**Problem details**
Of all the lines below, return only those starting with the line holding "Large Collection of" and going on through the line holding "Hoodie - Image 2", exactly as written.

**Input data**
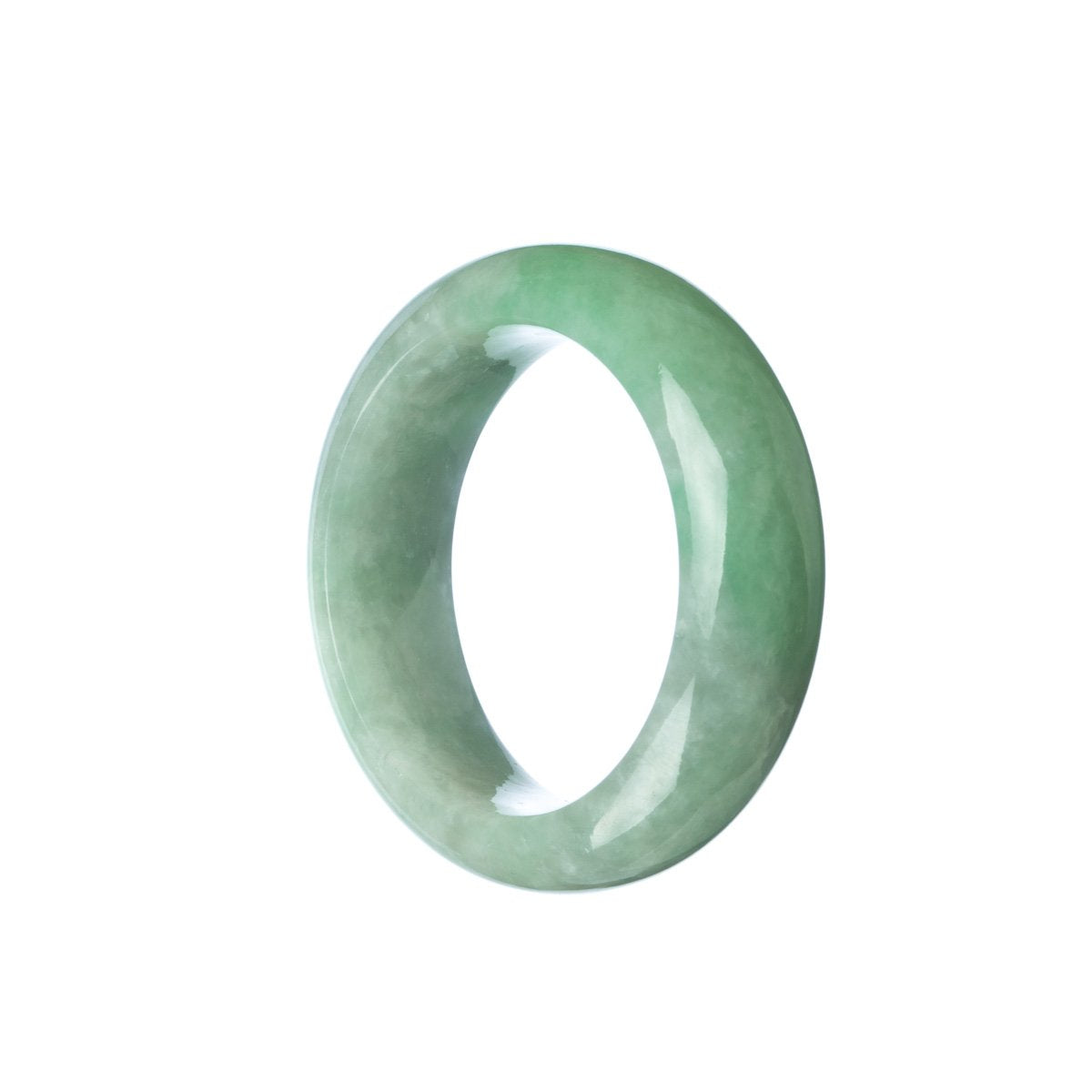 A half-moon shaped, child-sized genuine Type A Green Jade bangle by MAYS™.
* * *
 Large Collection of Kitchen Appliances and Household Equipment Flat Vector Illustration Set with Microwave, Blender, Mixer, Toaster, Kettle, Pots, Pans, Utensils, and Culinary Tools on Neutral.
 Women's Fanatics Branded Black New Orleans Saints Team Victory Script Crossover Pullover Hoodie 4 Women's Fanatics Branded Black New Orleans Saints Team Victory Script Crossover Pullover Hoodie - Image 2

**Solution below**
 Large Collection of Kitchen Appliances and Household Equipment Flat Vector Illustration Set with Microwave, Blender, Mixer, Toaster, Kettle, Pots, Pans, Utensils, and Culinary Tools on Neutral.
 Women's Fanatics Branded Black New Orleans Saints Team Victory Script Crossover Pullover Hoodie 4 Women's Fanatics Branded Black New Orleans Saints Team Victory Script Crossover Pullover Hoodie - Image 2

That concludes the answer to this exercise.